= Scientific collaboration network =

A scientific collaboration network is a social network where nodes are scientists and links are co-authorships, as the latter is one of the most well documented forms of scientific collaboration. It is an undirected, scale-free network where the degree distribution follows a power law with an exponential cutoff – most authors are sparsely connected while a few authors are intensively connected. The network has an assortative nature – hubs tend to link to other hubs and low-degree nodes tend to link to low-degree nodes. Assortativity is not structural, meaning that it is not a consequence of the degree distribution, but it is generated by some process that governs the network’s evolution.

==Study by Mark Newman==
A detailed reconstruction of an actual collaboration was made by Mark Newman. He analyzed the collaboration networks through several large databases in the fields of biology and medicine, physics and computer science in a five-year window (1995–1999). The results showed that these networks form small worlds, in which randomly chosen pairs of scientists are typically separated by only a short path of intermediate acquaintances. They also suggest that the networks are highly clustered, i.e. two scientists are much more likely to have collaborated if they have a third common collaborator than are two scientists chosen randomly from the community.

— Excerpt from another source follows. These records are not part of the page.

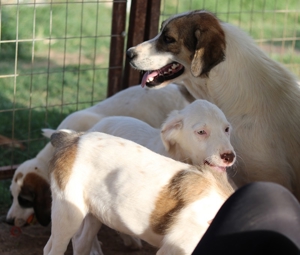 Troyo, geb. ca. 07 2022, in GRIECHENLAND, auf Gelände, auf dem die Hunde notdürftig versorgt werden Bild 12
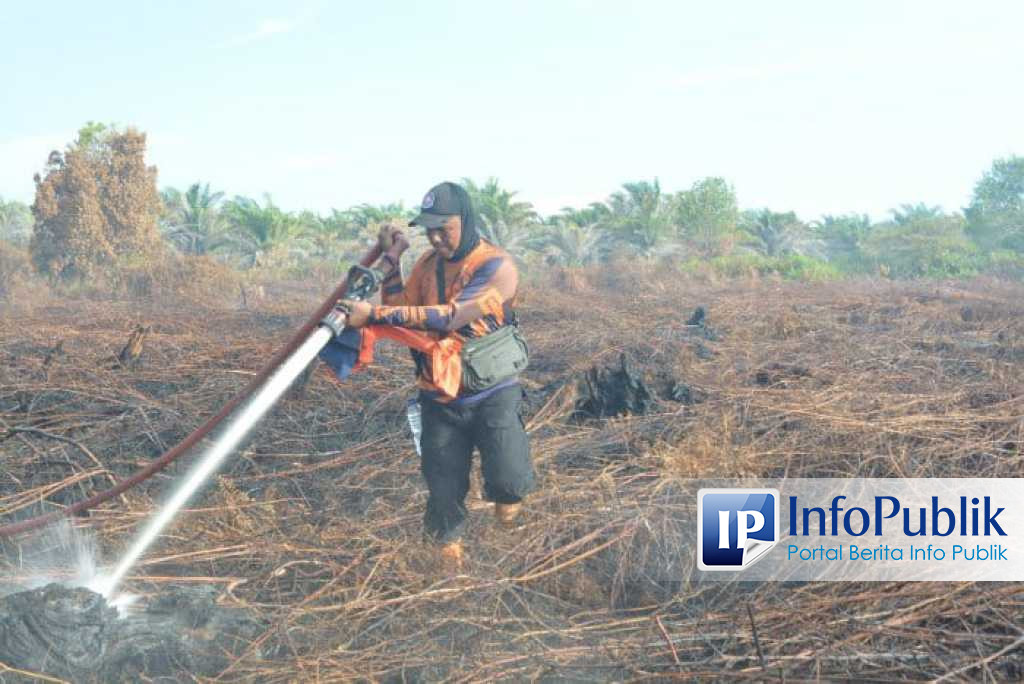 Kebakaran Hutan dan Lahan di Aceh Barat Capai 13 Hektare, Tim Gabungan Masih Lakukan Pendinginan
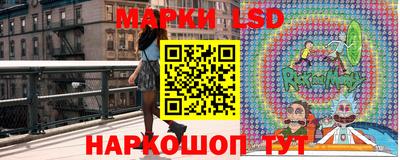 шишки Сланцы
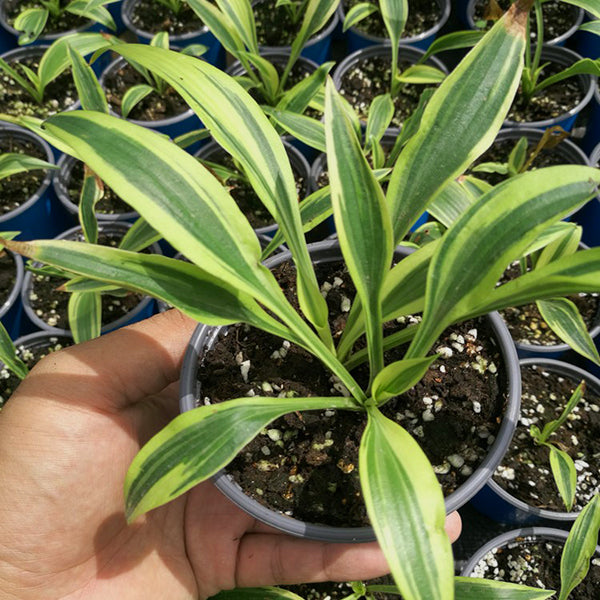 Lakeside Dragonfly Hosta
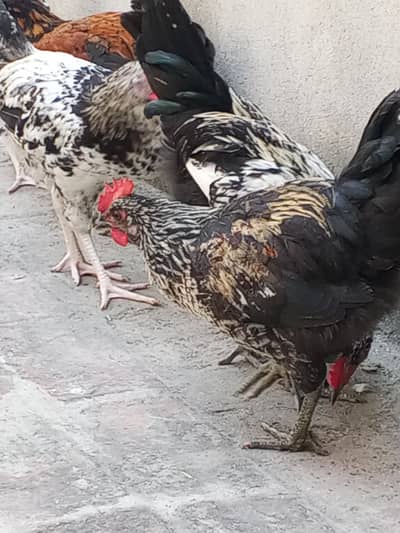 golden mishri male for sale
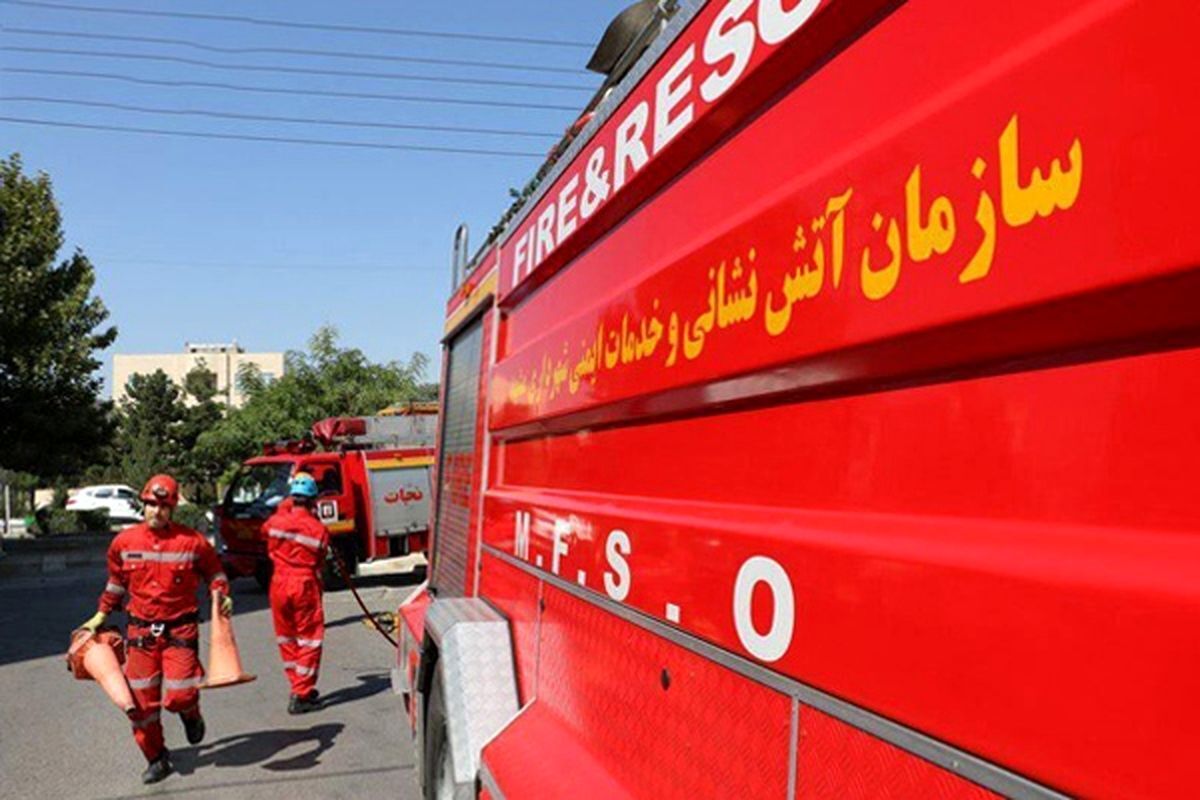 یک مرد جوان به همراه پدر پیرش قربانی بی احتیاطی مادر شدند.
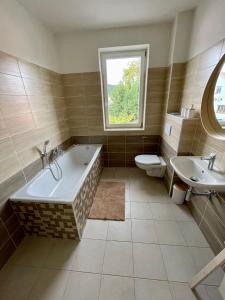 a bathroom with a tub and a toilet and a sink at Moderní apartmán se soukromou vinotékou in Hodkovice nad Mohelkou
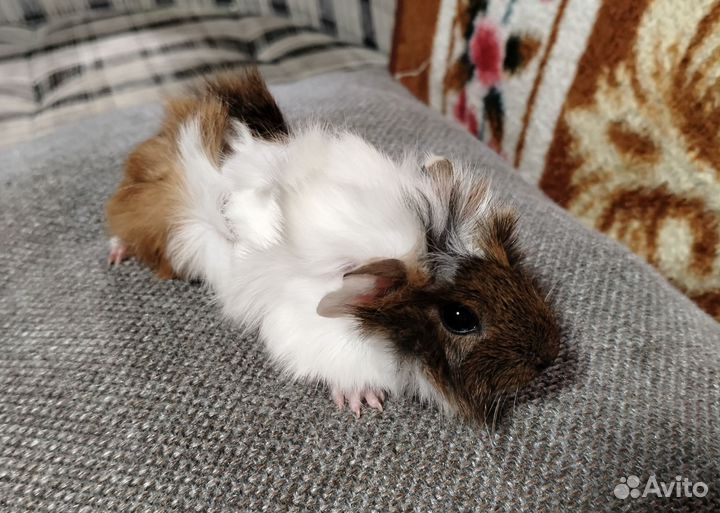 Морская свинка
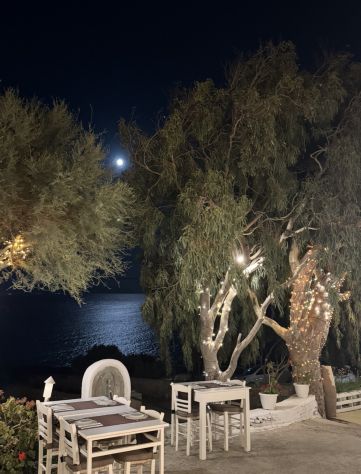 Lavapiatti con esperienza a Paros ( Grecia) - Foto 2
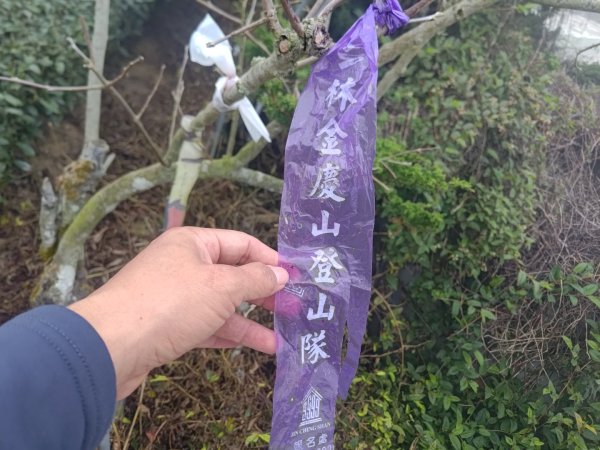 梅山鄉撿山頭2449372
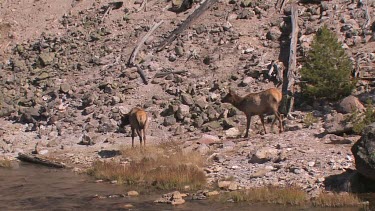 a few elk forage along a stream
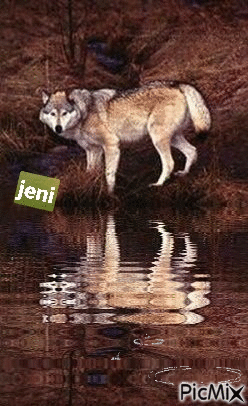 Wolf - Gratis geanimeerde GIF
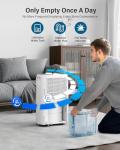 35-Pint Compact Dehumidifier for Basements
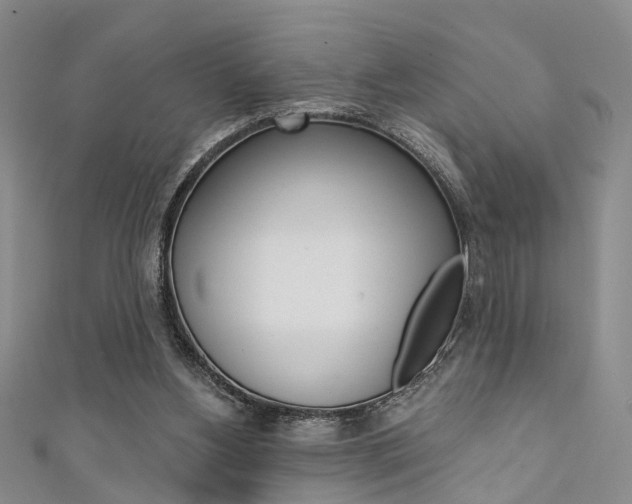 X0000111360156200907101004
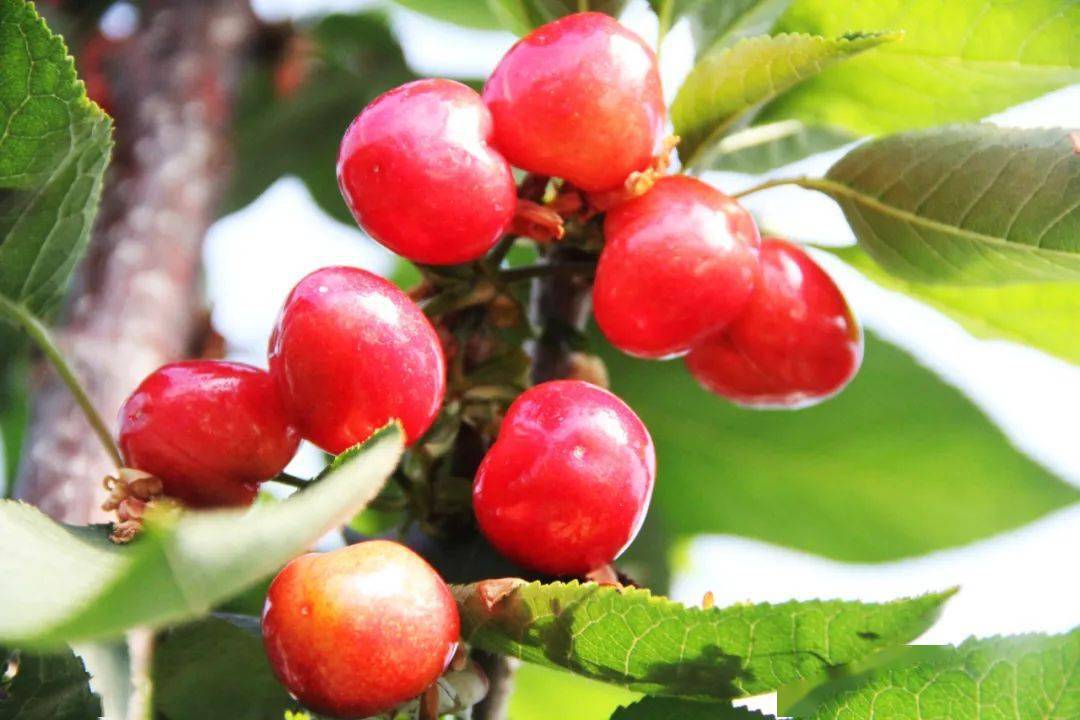 朱吴镇利用"数字化"让海阳大樱桃春节上市!_设施_大棚_管理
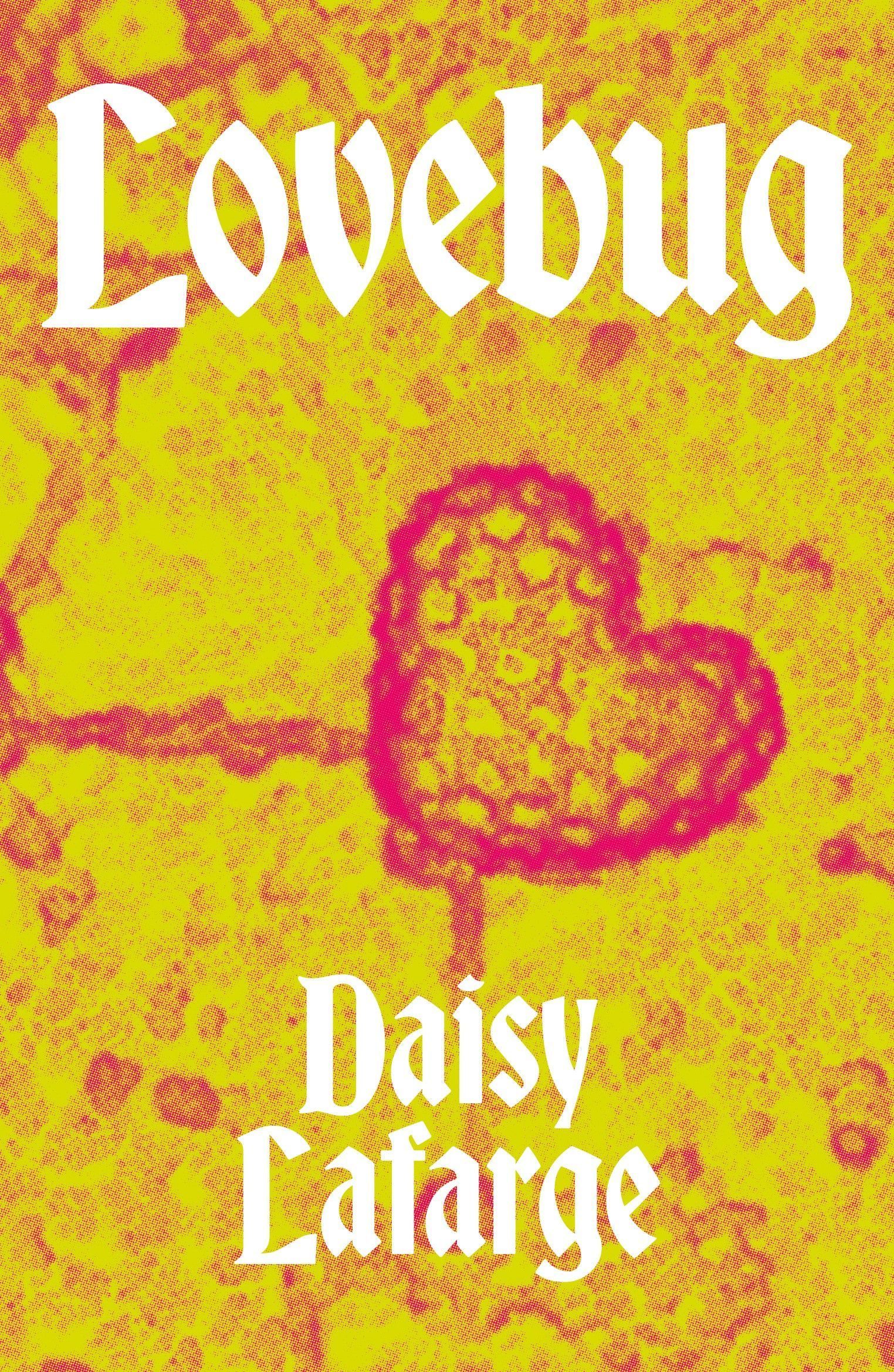 Lovebug By Daisy LaFarge 9781913512378 (Paperback)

==Prototype of evolving networks==
Barabasi et al. studied the collaboration networks in mathematics and neuro-science of an 8-year period (1991–1998) to understand the topological and dynamical laws governing complex networks. They viewed the collaboration network as a prototype of evolving networks, as it expands by the addition of new nodes (authors) and new links (papers co-authored). The results obtained indicated that the network is scale-free and that its evolution is governed by preferential attachment. Moreover, authors concluded that most quantities used to characterize the network are time dependent. For example, the average degree (network's interconnectedness) increases in time. Furthermore, the study showed that the node separation decreases over time, however this trend is believed to be offered by incomplete database and it can be opposite in the full system.